> _EXERCISE GOAL_: For the data below, retype word for word the lines from the one containing "AK Hohenwarte, Restaurant" through the one containing "Vintage Car Black"; drop the pictures.

[Captioned web image data]

# # # #

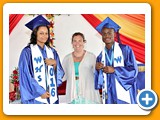 (L-R) Salutatorian, Brittany Ingraham and Valedictorian, Naaman Rolle of the WHS Class of 2016 with their English teacher Mrs. Klepper-  490A3266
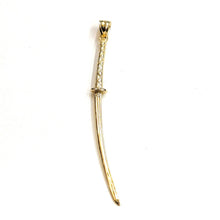 Load image into Gallery viewer, 14k yellow Gold 3D Katana Japanese Samurai sword Martial Art Pendant gift 3.2g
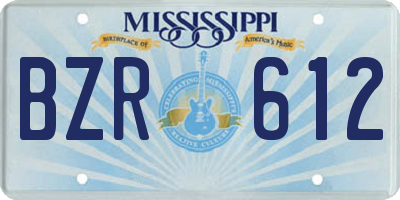 MS license plate BZR612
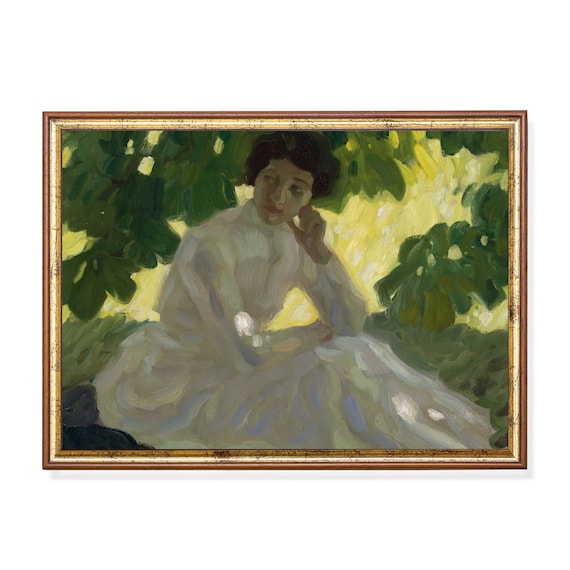 Woman in White Seated in Dappled Summer Garden Shade Art Poster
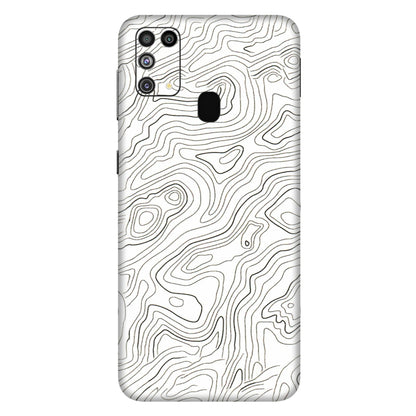 Samsung M/F/Note/Flip and C Phone Skins (All Models) - White Black Swirls - 3D Embossed Finish (L-219) Samsung Galaxy M31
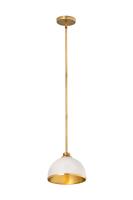 One Light Pendant by Z-Lite - Landry Collection, Matte White + Rubbed Brass Finish - 1004P10-MW-RB
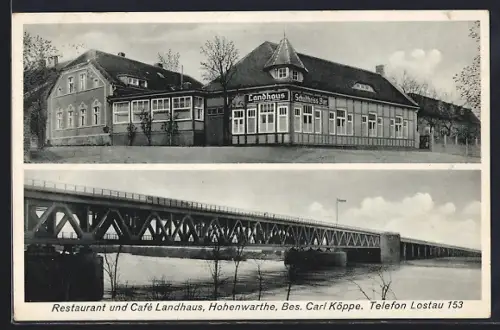 AK Hohenwarte, Restaurant und Café Landhaus, Bes. Carl Köppe, Brücke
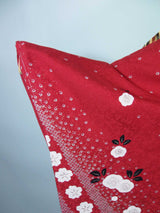 New Silk Furisode Kimono｜鹿子絞り 花文様 金彩 正絹 赤黒ぼかし Japanese Formal Kimono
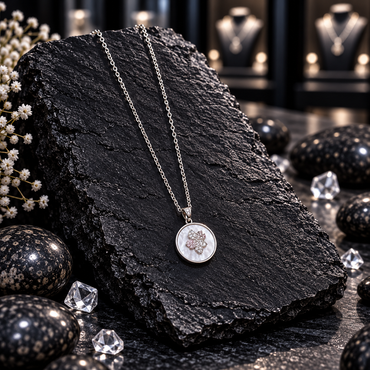 Silver-tone fine chain necklace with a round white iridescent-look disc pendant and raised clear-accent four-leaf clover motif.
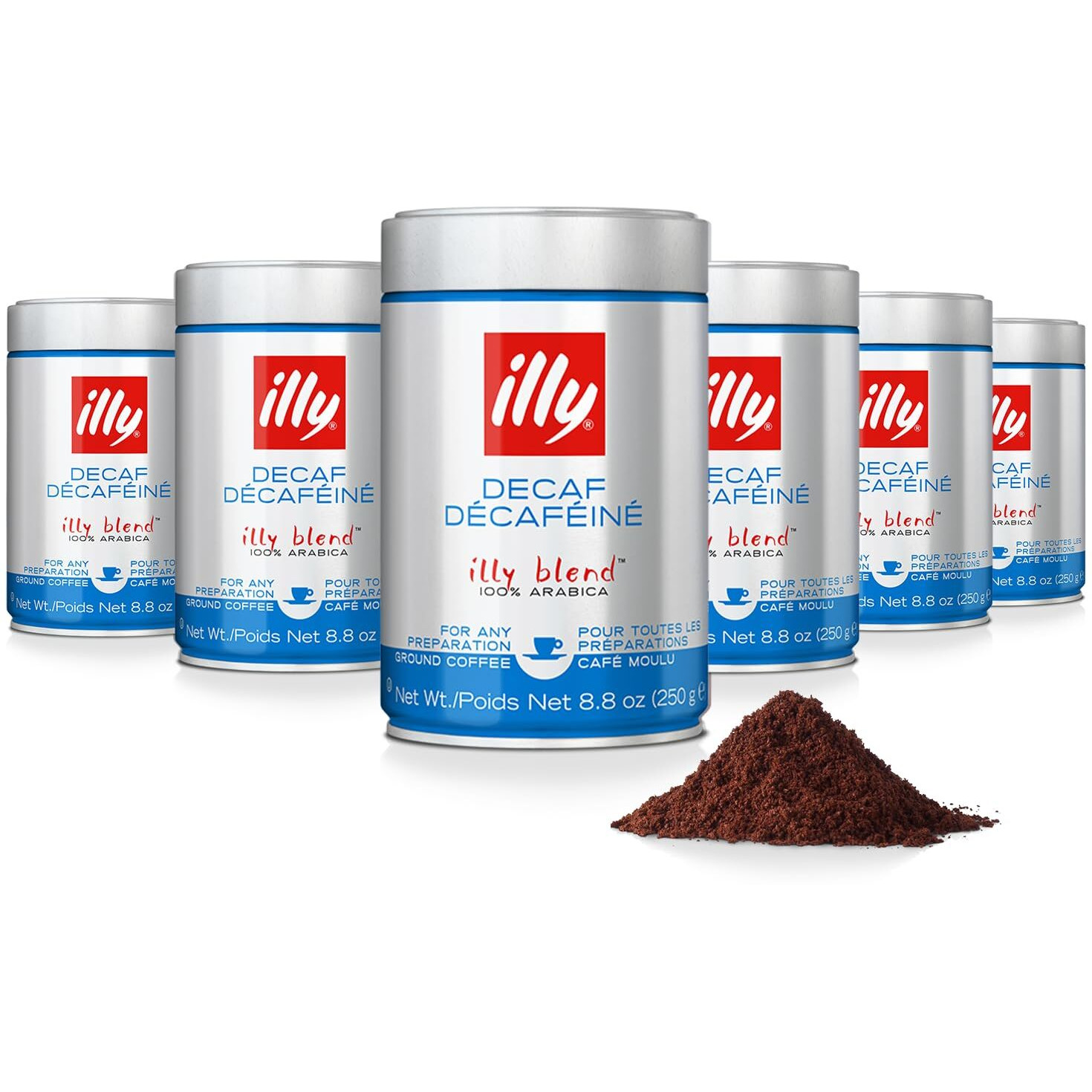 Illy Ground Coffee Espresso - 100% Arabica Coffee Ground - Classico Decaf Roast - Notes Of Caramel, Toasted Bread & Chocolate - Rich Aromatic Profile - No Preservatives - 8.8 Ounce, 6 Pack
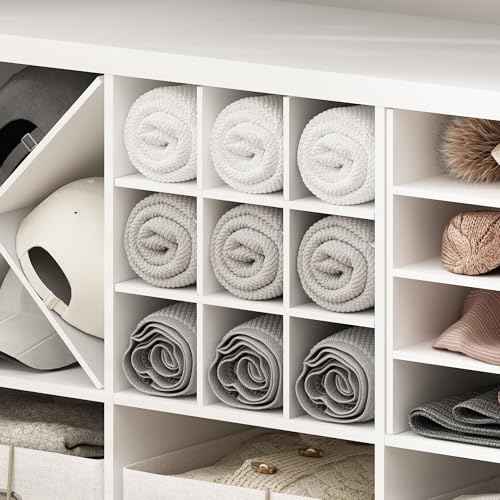 Furinno Cubicle Cube Insert, 9-Compartment Cube Organizer, Fits into Extra Thick Cubes, for Organizers and Storage, White (Does not fit IKEA Kallax Shelving)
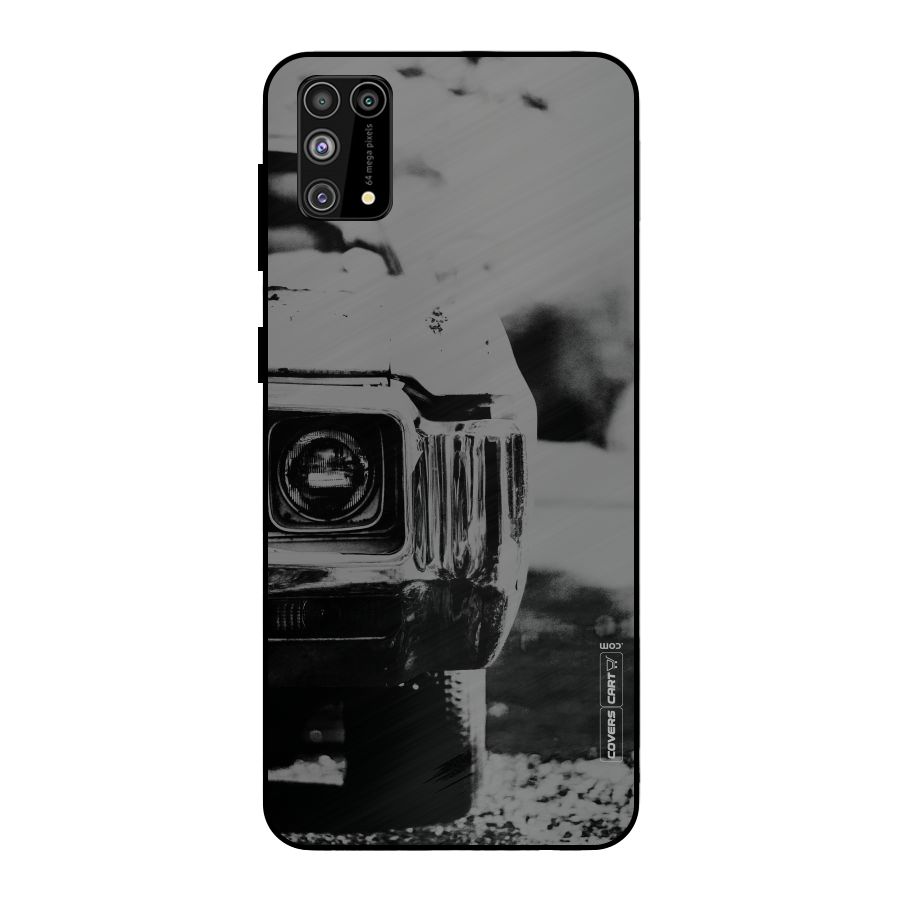 Vintage Car Black and White Metal Back Case for Galaxy M31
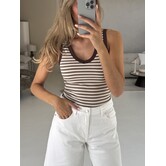 Tanktop gestreept beige | Lian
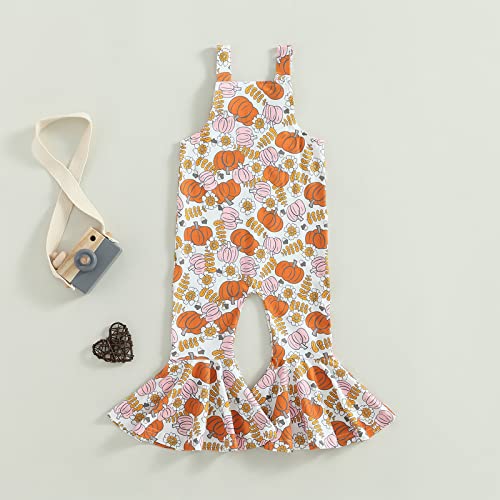 Brilliantme Infant Toddler Baby Girl Clothes Sleeveless Pumpkin/ Rugby/ Butterfly Romper Jumpsuit Flared Pants Overalls Outfits (F# Creamy White Pumpkin , 12-18 Months ) #TOP1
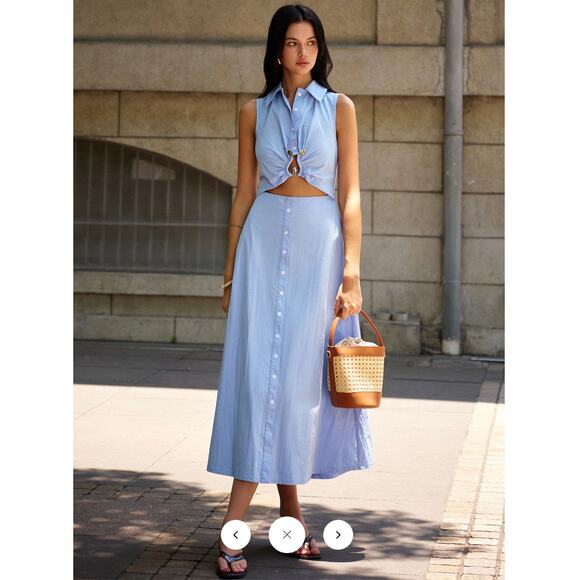 Commense Metal Decor Cutout Dress Sz L - Picture 6 of 8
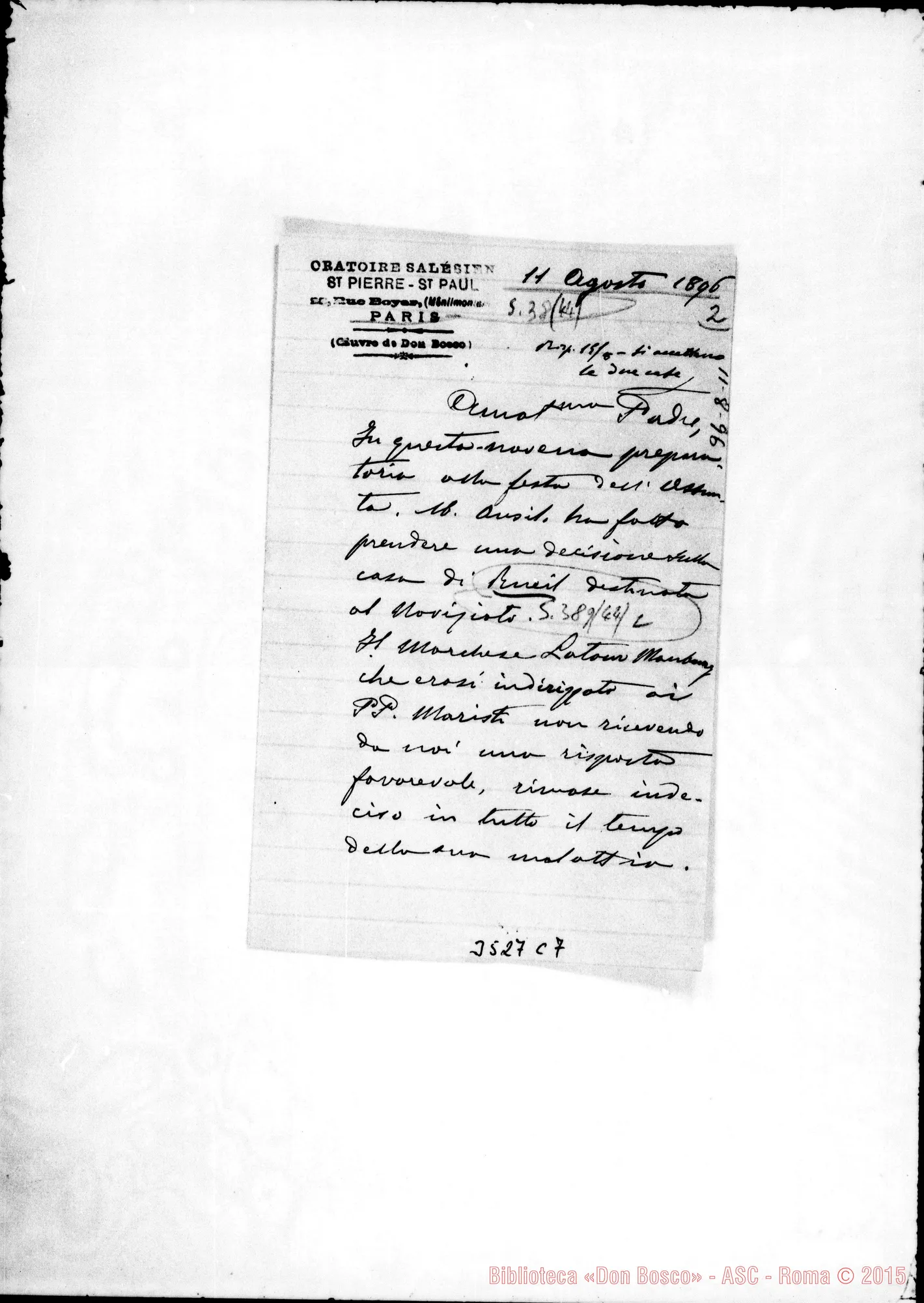 Fotogramma C 7 — Don Giuseppe Ronchail-Don Rua. Paris, 11-08-1896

# # # #

> _ANSWER BELOW_:
 AK Hohenwarte, Restaurant und Café Landhaus, Bes. Carl Köppe, Brücke
 New Silk Furisode Kimono｜鹿子絞り 花文様 金彩 正絹 赤黒ぼかし Japanese Formal Kimono
 Silver-tone fine chain necklace with a round white iridescent-look disc pendant and raised clear-accent four-leaf clover motif.
 Illy Ground Coffee Espresso - 100% Arabica Coffee Ground - Classico Decaf Roast - Notes Of Caramel, Toasted Bread & Chocolate - Rich Aromatic Profile - No Preservatives - 8.8 Ounce, 6 Pack
 Furinno Cubicle Cube Insert, 9-Compartment Cube Organizer, Fits into Extra Thick Cubes, for Organizers and Storage, White (Does not fit IKEA Kallax Shelving)
 Vintage Car Black and White Metal Back Case for Galaxy M31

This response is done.